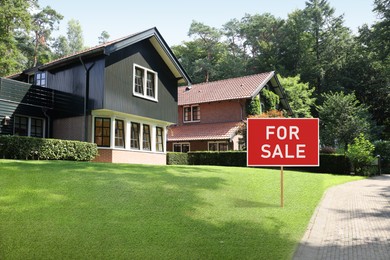 Sale sign near beautiful house outdoors. Red signboard with words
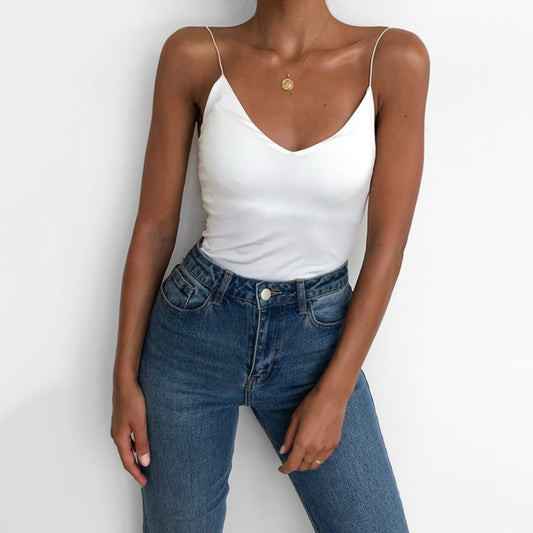 Stylish satin camisole for women in white paired with high-waisted jeans for a chic look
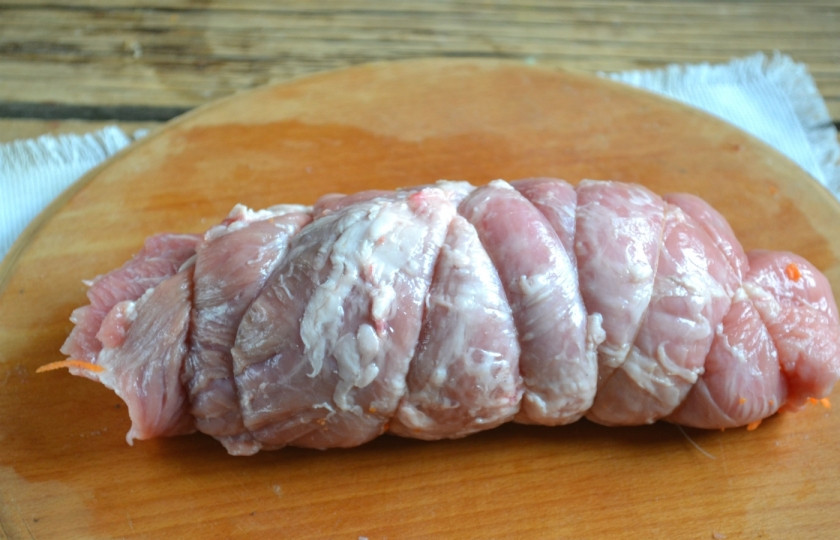 1. Этап. Новогодний рулет из свинины: Сверните мясо в рулет и туго обмотайте нитью, чтобы держал форму. Это очень важно, если хотите получить идеальный закусочный рулетик.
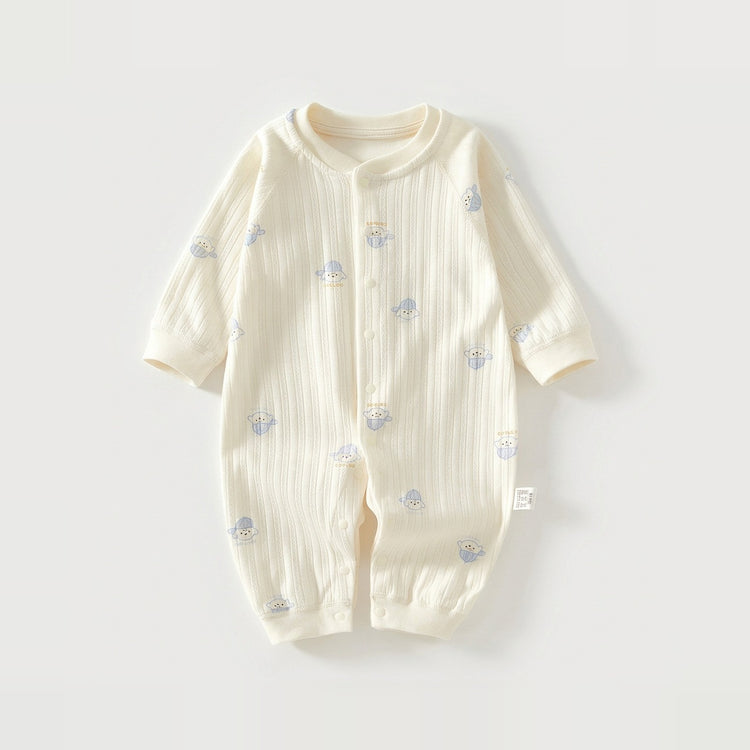 Cream textured baby romper with long sleeves, cuffed ankles, and small blue dog prints lies flat on a pale background.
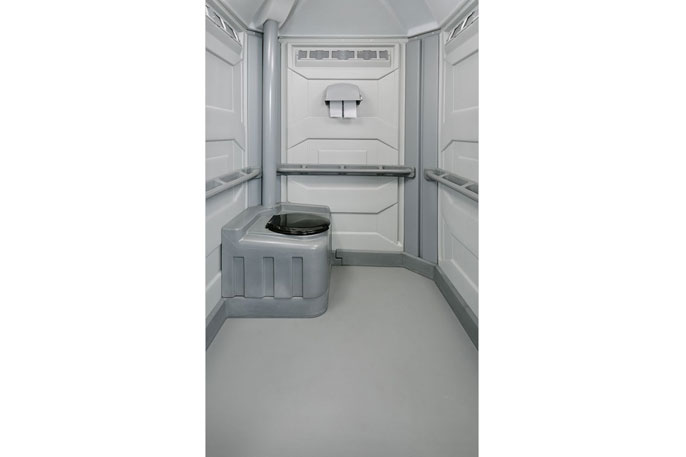 Innenraum einer grauen mobilen Toilette mit integriertem Sitz, Haltegriff und Toilettenpapierhalter an der Wand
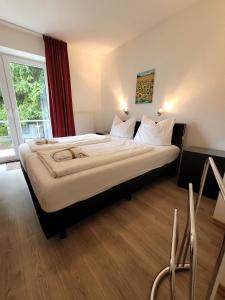 a large bed in a hotel room with a large window at Winterberg Appartement 21085 in Winterberg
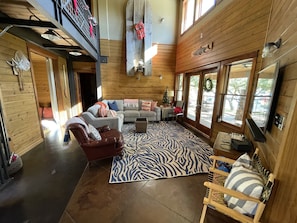 Living area, faces the lake view; vintage 1940’s skimmer on display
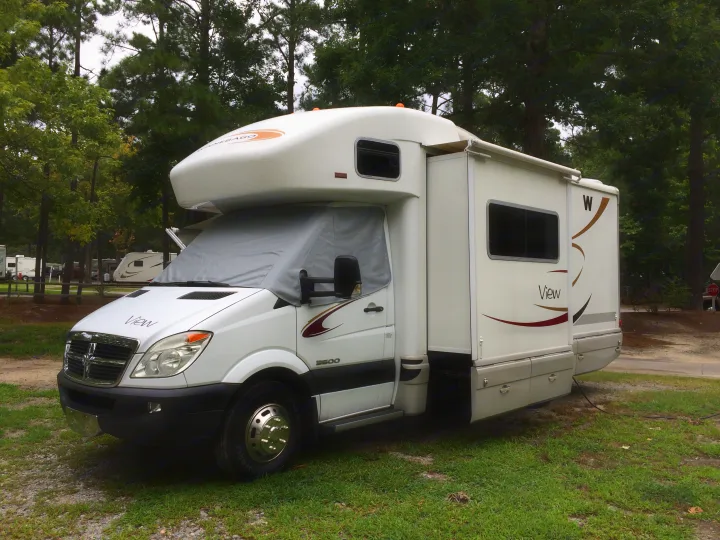 White Winnebago View RV rental parked at a shady campground, ready for adventure. Features an extended slide-out.. Winnebago Avion View 23j 2008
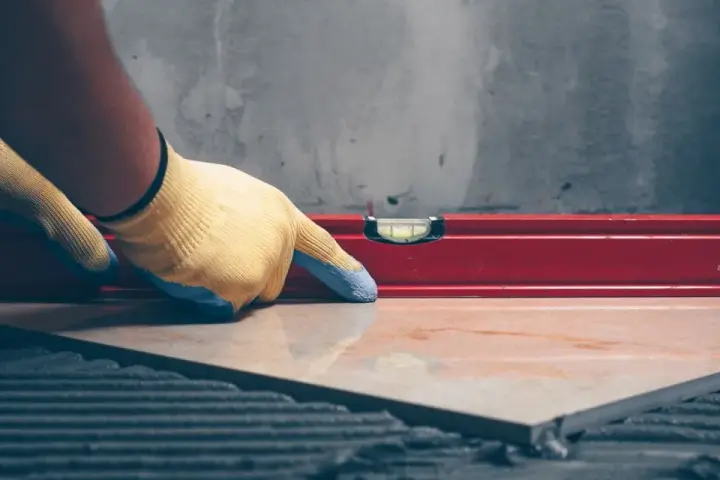 Pose d'un carrelage avec un niveau à bulle pour vérifier l'épaisseur du carrelage et de la colle.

[Activity] Each line from the one containing "White Winnebago View" down to the final line of the records above must be reproduced exactly; no pictures go into the copy.

[Response area]
 White Winnebago View RV rental parked at a shady campground, ready for adventure. Features an extended slide-out.. Winnebago Avion View 23j 2008
 Pose d'un carrelage avec un niveau à bulle pour vérifier l'épaisseur du carrelage et de la colle.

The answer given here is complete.